DP: Nelba was the perfect subject for you because she is involved in so many things.
LK: She’s great. Her anger is so real. We went to their house a few times and Braden hung out with them a lot.
DP: Did you go into Ana’s room?
LK: It was interesting. We always stayed in the living room, but I asked them if we could go in her room. Finally they agreed, but the stipulation was that we couldn’t film in the house. I was curious about the reason and Nelba said, “Because I know how you are going to shoot her empty chair.” I don’t think I would have done that, but what really moved me was that every day at 4 o’clock she would look out the window because that’s the time her daughter came home from school.

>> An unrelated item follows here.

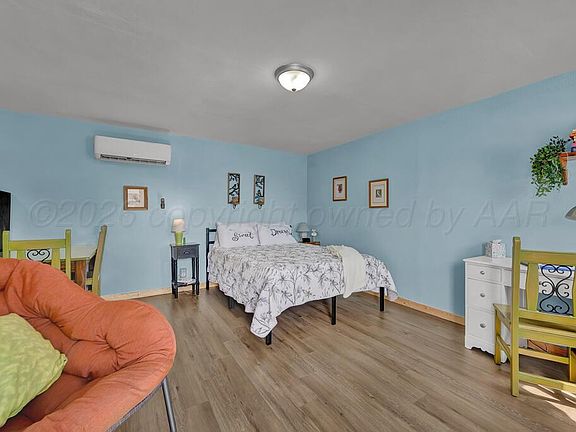4th image of 306 Alamo St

DP: As an outsider, would you refrain from saying the words “I’m sorry for your loss” to them and other parents?
LK: That’s what you say when you first meet. You say it and there’s a voice in you telling you that you might be saying it just because you want something. But we really were sorry and Jimmy was sensitive enough to see that.
DP: What is it that people say that upsets the parents of the victims?
LK: All kinds of things. We’re all human so we say awkward things. The egregious one is: “So are you going to have more children?” They mean well. But even if you say words of consolation, it might not be what they want to deal with at that moment. It makes you feel better, but not them.
DP: Nelba is in the only person in your movie who brings up Adam Lanza. He’s probably a taboo subject for many people in the community, so did you ask her about him or prod her to mention him in connection to the work she is now doing with kids in schools?
LK: Never. Early on Braden and I decided, “One thing we are not going to be talking to anyone about is Adam Lanza.” Although we had first-person accounts, we deliberately just scratched the surface about the most horrifying aspects of what happened and we chose not to deal with the boy who killed those kids. Nelba brought him up on her own and she had the wherewithal to think: How do we prevent the next Adam Lanza? Maybe somebody didn’t reach him at some point? Maybe there was no connection? She has the impulse to think outside herself and ask how she can help it from happening again.
DP: Nelba visits school classrooms and brings up how some kids feel disconnected, as did Adam Lanza. That’s a theme of your movie because Sammy felt that way before being in the play and Tain keeps a strong connection with Will, who might otherwise have trouble finding friends.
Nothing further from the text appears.